Poco se ha hablado de uno de los efectos más perniciosos de la candidatura de Donald Trump: el abaratamiento de la expresión “corrección política” y su impacto en la libertad. Trump es un personaje que ha vaciado de contenido muchos conceptos, replanteando para mal su significado. La víctima principal ha sido, desde luego, la noción elemental de decencia. Al etiquetar todo lo que no le gusta bajo la etiqueta de la “corrección política”, Trump nos ha dejado un panorama complicado para distinguir entre lo que es la perniciosa y agobiante corrección política y lo que es simplemente el ejercicio de prejuicios y dogmas que van en contra de los pilares de la civilización moderna.

Antes de que Trump bastardizara el término, el rechazo a la corrección política implicaba una lucha por la libertad y por el sentido común: no dejar que las filias y las fobias de personas y grupos determinaran el contenido de nuestro discurso público, de nuestro actuar cotidiano, de nuestra creatividad.
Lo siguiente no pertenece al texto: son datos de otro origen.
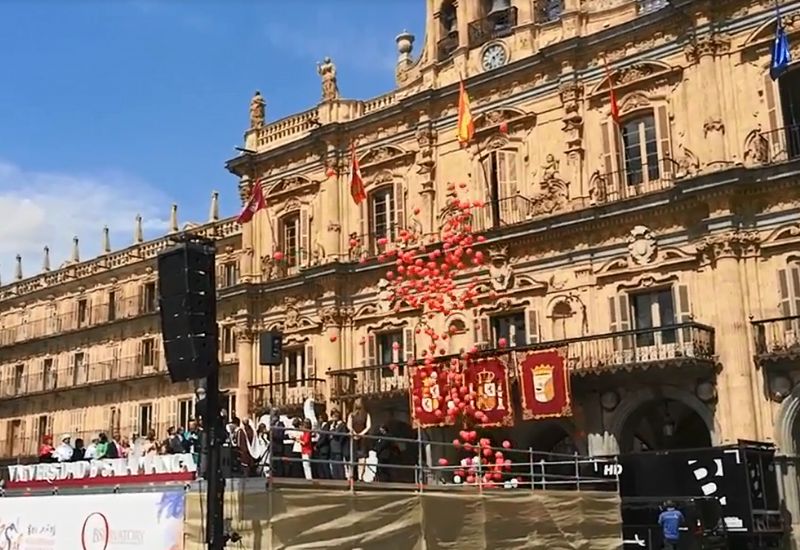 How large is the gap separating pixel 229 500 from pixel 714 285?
563 inches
La lucha contra la corrección política era (sigue siendo pero bajo otro término en tanto Trump deja de ser relevante) enfrentarse fascismo moral que con sus ropajes de buena intención pretende comerse la primera libertad: la de expresión.
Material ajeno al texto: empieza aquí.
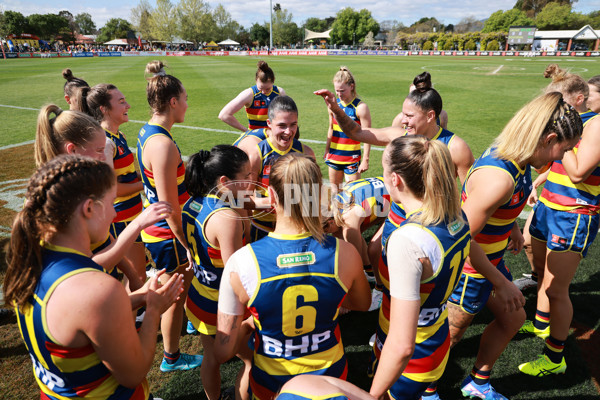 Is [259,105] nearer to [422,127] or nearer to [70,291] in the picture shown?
[422,127]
Para Trump, la corrección política es ese freno indeseable que le impide expresar libremente su abierto racismo, su práctica de la discriminación, su discurso de odio. Bajo Trump, la Declaración Universal de los Derechos del Hombre, la Carta de las Naciones Unidas o el Bill of Rights de la Constitución de su país podrían encajar dentro de su concepto de corrección política: es decir, todo freno contra el avasallamiento de los diferentes, de los débiles, es un estorbo para su agenda. En corto, los derechos humanos son para Donald Trump un asco, una injerencia liberal inaceptable en el ejercicio de su estulticia.
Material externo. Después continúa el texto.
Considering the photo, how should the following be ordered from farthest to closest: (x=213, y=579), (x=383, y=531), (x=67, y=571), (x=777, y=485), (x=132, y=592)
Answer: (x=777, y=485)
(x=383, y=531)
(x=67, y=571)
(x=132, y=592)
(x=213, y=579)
Bien vista, la intención detrás de la lucha trumpiana contra la “corrección política” y el código moral que buscan imponernos los correctitos, no es tan distinta. Trump y los correctitos ejercen extremos opuestos del gen conservador y el mismo tic anti liberal. Tan opuestos son ambos extremos que al final terminan por tocarse y ser parte de lo mismo. Sin embargo, nuestra misión es no poner ambas en el mismo saco. Saber diferenciarlas es, al final, la misma lucha por la libertad: por un lado, rechazar a Trump desde el convencimiento de la importancia de respetar al diferente y proteger al débil conforme a esas reglas básicas de la civilización que son los derechos humanos; y por otro, defender el pleno ejercicio de la libertad de expresión en todas sus variantes: desde la artística hasta la política.

Toca entender que la corrección política de los correctitos no es de la que habla Donald Trump, sino más bien una variante totalitaria disfrazada de bondad que pretende imponer un discurso público, limitando y pretendiendo aislar expresiones que no le vienen bien, que no encajan en su proyecto político. Desde luego, el feminismo y sus adeptos son los principales impulsores de esta censura social, de la imposición de un código en esencia político a través de improvisados comités de salud pública encargados de avergonzar, exhibir y denunciar a los que no se adapten a sus lineamientos.

Así, en defensa de la libertad toca hablar mucho, expandir lo más posible el discurso contra Trump, hablar contra él desde la comedia, desde la ironía, desde el arte, desde la academia y desde la política; denunciar no sólo al hombre sino a las miles de personas que le han dado vida a esta marioneta. Trump tiene la fuerza que ha encontrado porque su discurso, al final, es el discurso de miles y miles que piensan como él. En ellos está el germen del principio del fin de un arreglo social basado en la decencia y la libertad común.

Sin embargo, para poder seguir hablando en contra el trumpismo, toca al mismo tiempo ignorar a los correctitos, reivindicar nuestro derecho de decir, de reír, de ejercer la palabra, el ingenio, que resuenen lo más posible todas las variantes de nuestra libertad de pensamiento. La mejor dosis contra este incipiente mal es ejercer hasta donde tope la libertad y no dejarse amedrentar por los que encuentran ofensivo un chiste, o un video musical, un texto, una fotografía o que buscan que su agenda figure en todos lados. En la limitación del discurso que pretenden imponernos los buenos, incuban demonios como el que hoy se llama Donald Trump.